Fira tak marah mendengar itu. Ia justru tertawa kecil, miris melihat dirinya yang sekarang.

"Kalau tubuhku bisa bikin semua orang berhenti memakai plastik, mungkin itu cukup."

Tubuh Fira semakin melemah. Semakin lama, semakin banyak gejala-gejala yang dialami dirinya. Di hari-hari terakhirnya, Fira menulis surat.

"Jika tubuhku tak bisa kembali ke tanah, maka biarkan ia berdiri. Dilihat. Diingat. Supaya semua orang tahu, bahwa plastik bukan sekadar bungkus. Ia hidup di dalam kita, sampai kita mati. Dan dalam jumlah yang banyak."

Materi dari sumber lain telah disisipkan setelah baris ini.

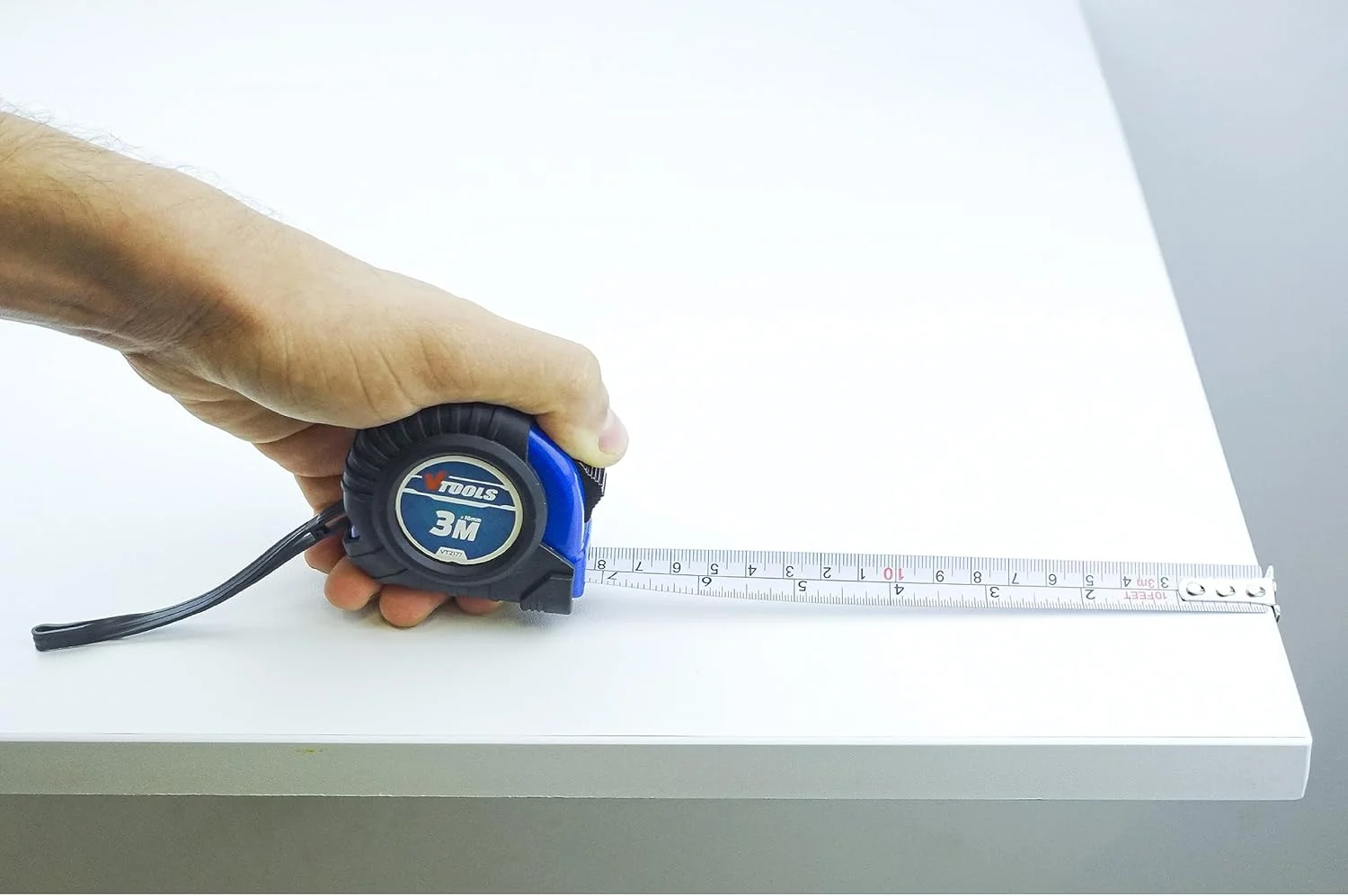 متر نواری 3 متری VTOOLS، ضخامت تیغه 1 میلی متر، متر نواری خود قفل شونده، خوانا، دارای قلاب مغناطیسی و بدنه ضد ضربه، VT2177 متر نواری 3 متری VTOOLS، ضخامت تیغه 1 میلی متر، متر نواری خود قفل شونده، خوانا، دارای قلاب مغناطیسی و بدنه ضد ضربه، VT2177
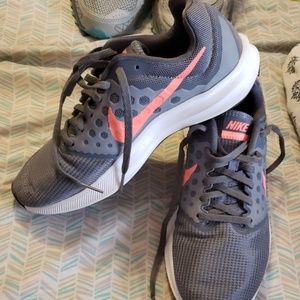 Womens nike sneakers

Ya, Fira dinyatakan meninggal, pada usia 17 tahun, di ruang perawatan khusus yang dikelilingi oleh kamera pemantau suhu dan kelembapan.

Tubuhnya diawetkan dalam kapsul kaca besar, di sebuah ruangan museum lingkungan modern. Ia tampak seperti sedang tidur, mengenakan seragam sekolah yang telah dibersihkan dan dibekukan. Wajahnya terlihat damai.

Di bawah kapsul itu, terdapat sebuah plakat kecil yang bertuliskan:
"Fira Chintya - Manusia Mikroplastik Pertama. Tubuhnya bukan hanya diawetkan. Tapi sebagai peringatan untuk dunia."

Ribuan orang datang untuk mengunjungi museum tempat Fira diawetkan setiap tahunnya. Beberapa menangis, beberapa hanya terpaku, beberapa selfie untuk upload di media sosial, dan beberapa hal lainnya---mulai berubah.

Pada suatu hari, seorang anak kecil berdiri menatap kapsul Fira cukup lama. Ia sedang memegang botol plastik.

"Ibu... kalau aku minum dari botol ini terus, apa aku juga bisa jadi kayak dia?" katanya pelan.

Sang Ibu yang sebelumnya tak pernah terlalu peduli dengan isu lingkungan, meremas botol itu dan memasukkannya ke dalam tempat sampah. Lalu menggandeng anaknya pergi, tanpa berkata apa-apa. Setelah itu, ia membelikan tumbler stainless kecil untuk anaknya.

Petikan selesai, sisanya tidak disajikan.